The first was telling the Principal, mingling after her pep talk, that I did not intend to eat ‘in hall’ while I was at Newnham,
but to make
coq au vin
(it was the 70s) in the student kitchens. I must have delivered this with unnecessary emotional force, since 30 years on she
remembers our conversation too. The second was the meeting with my excellent, but appropriately terrifying, Director of Studies,
who reminded us very firmly that we were at Cambridge at the expense of the tax-payer – and that tax-payers would expect us
to work just as hard as they did: 40 hours a week, 48 weeks a year.

If someone had said to me then that just a few decades later I myself would be standing up in front of a new group of undergraduates,
I would never have believed it – and frankly even now it’s a bit hard to take in. What do you say? In my case, what am I going
to say to the assembled first year classicists in the university – more than 80 of them – on Wednesday?

Well, sadly, you can’t use the tax-payer line anymore. They’d probably lynch you. Most of these students, after all, are taking
on a whacking debt for the privilege of a university education.

Most likely I shall concentrate, like last year, on the different kind of skills they will need at university from at school.
Whatever the merits and demerits of the modern sixth-form curriculum, it certainly doesn’t teach independent learning. When
they arrive, they are used to a ‘target’ approach to education (if you make the following four points and show that you can
recognise a subjunctive you will get an A). They also tend to imagine that the only time they are actually learning something
is when someone is standing up in front of them, teaching them.

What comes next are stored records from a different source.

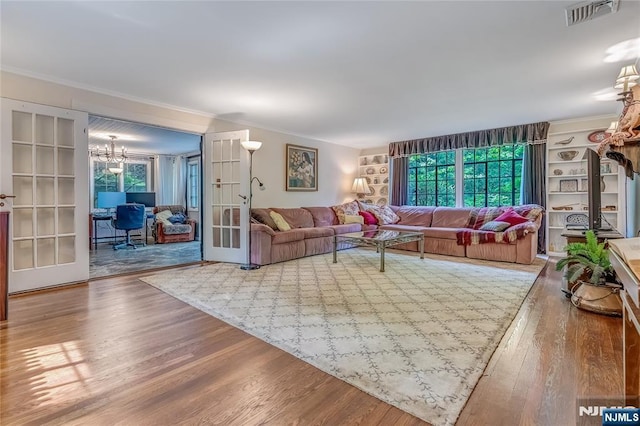 living area with french doors, wood finished floors, visible vents, and crown molding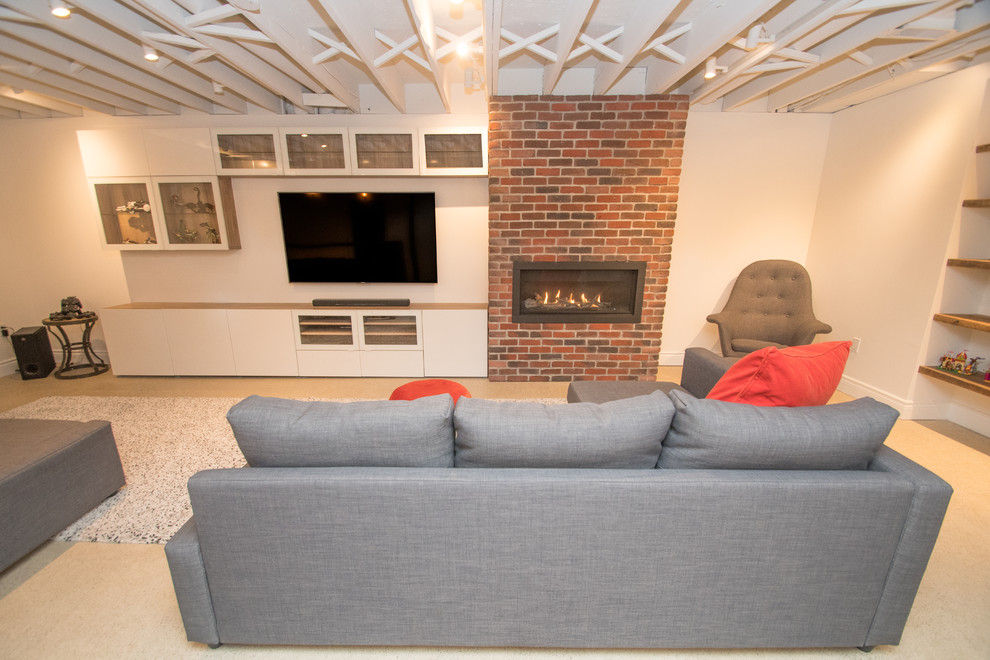 This is an example of a large industrial fully buried basement in Toronto with white walls, concrete floors, a standard fireplace and a brick fireplace surround.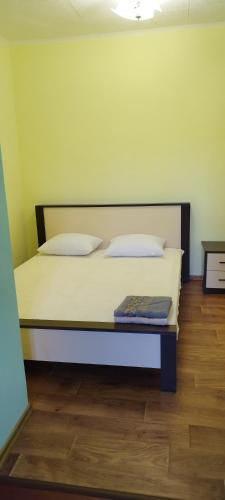a bed with two pillows and a book on it at Хуторок у Зіни in Sanzhiyka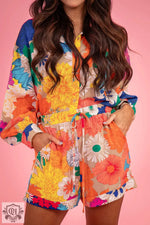 Colorful floral romper with long sleeves in vibrant yellow, orange, and blue pattern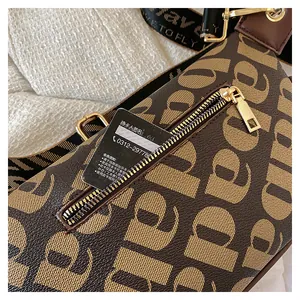 Detail of crossbody chest bag featuring monogram prints and front metal zipper pocket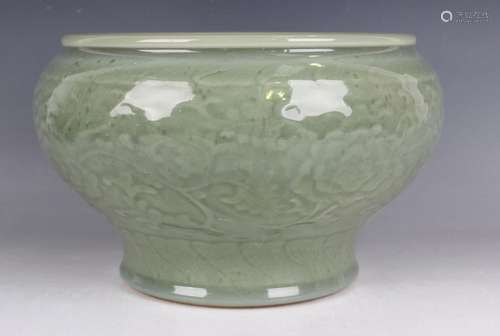 A Chinese celadon glazed porcelain bowl, mark of Yongzheng b...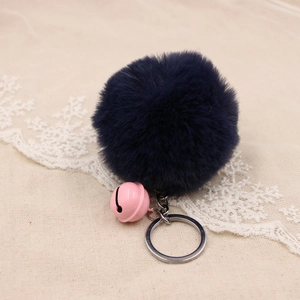 Close-up of fluffy dark blue pom pom keychain with a pink bell on textured fabric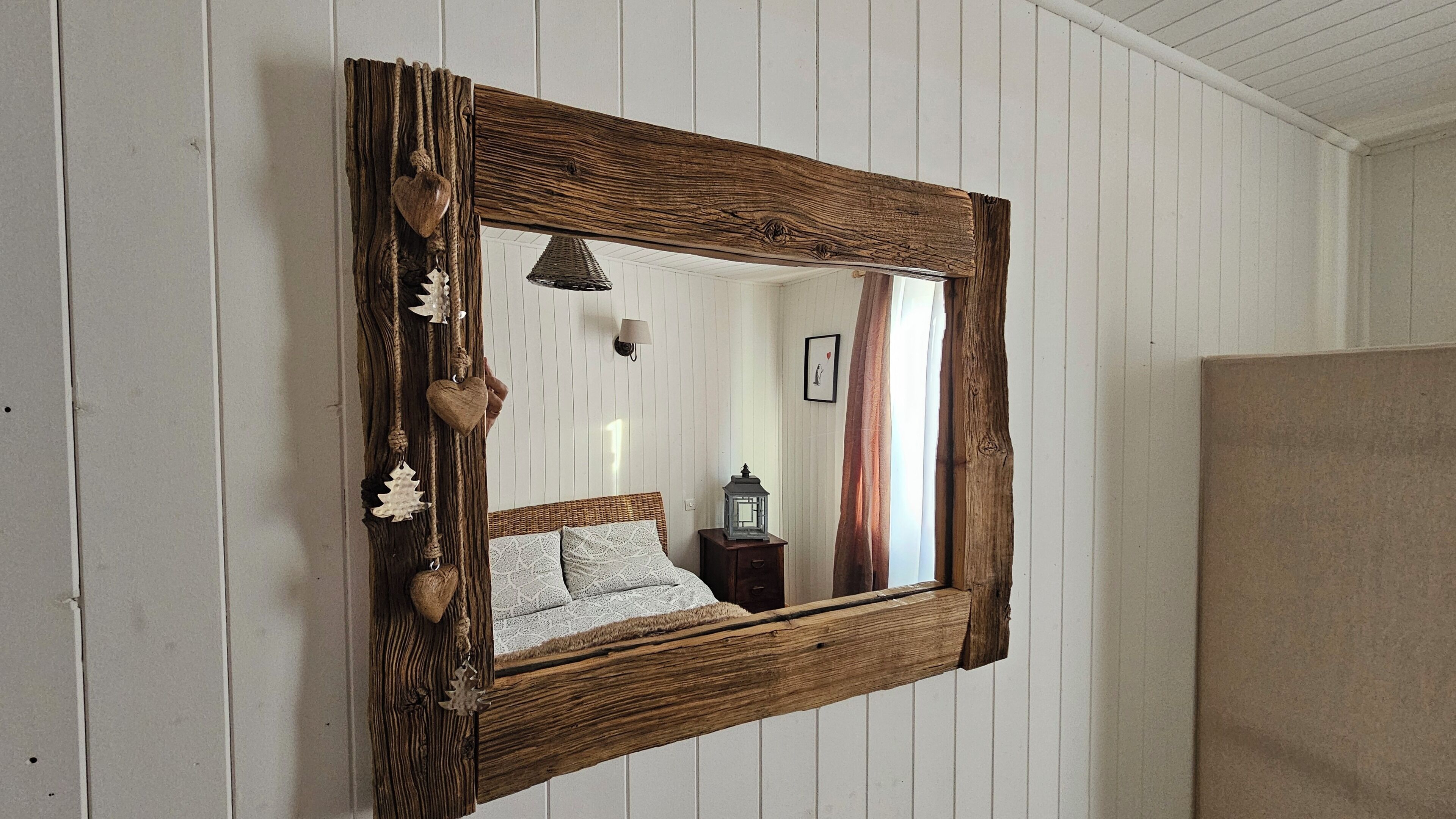 Een rustieke spiegel met houten lijst, waarin een bed en nachtkastje te zien zijn.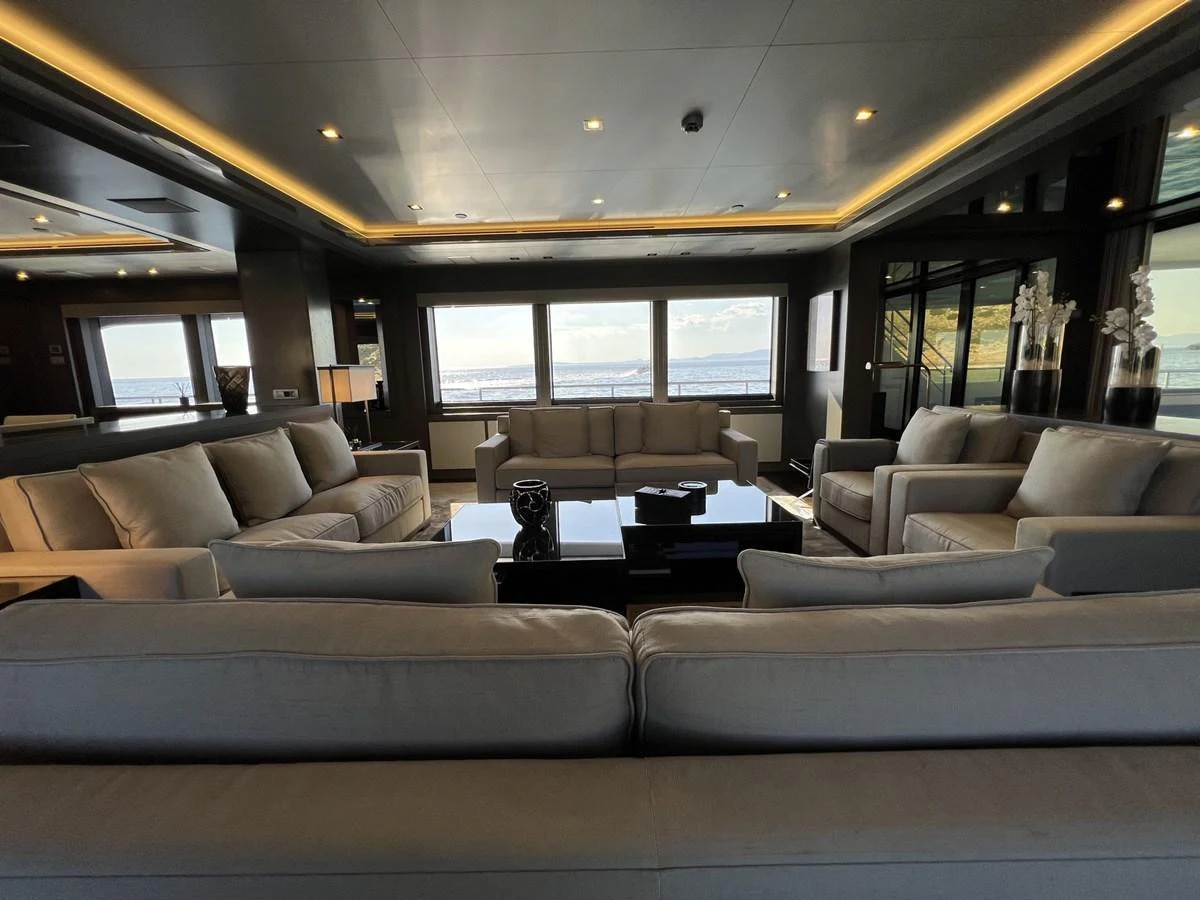 The salon offers a spacious and luxurious seating area with panoramic views. aboard SMOOTH OPERATOR Yacht for Sale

I shall try to convince them (with only a modicum of success, to judge by past performance) that intellectual endeavour goes
beyond targets – and that the time when they really learn the most is probably not in the classroom but when they are by themselves,
reading hard in the library.

The point I want them to grasp is that one of the aims of the devoted, skilled, inspirational and expensive teaching we offer
is to give them the confidence to be able to explore the world of learning on their own.

Comments

You could try telling your students they are extremely lucky. I took my undergraduate degree with the Open University, and
am taking my MA with the same organisation. We didn’t have the huge asset of a university library on site, and really had
to self motivate from day one. I am lucky to be situated reasonably close to a Classics library I can access, but my borrowing
rights are not as generous as the ‘on site’ students. Our tutors are brilliant, but remote. And a substantial majority of
us are holding down full time jobs while studying. I would give a great deal to be one of your students at Cambridge.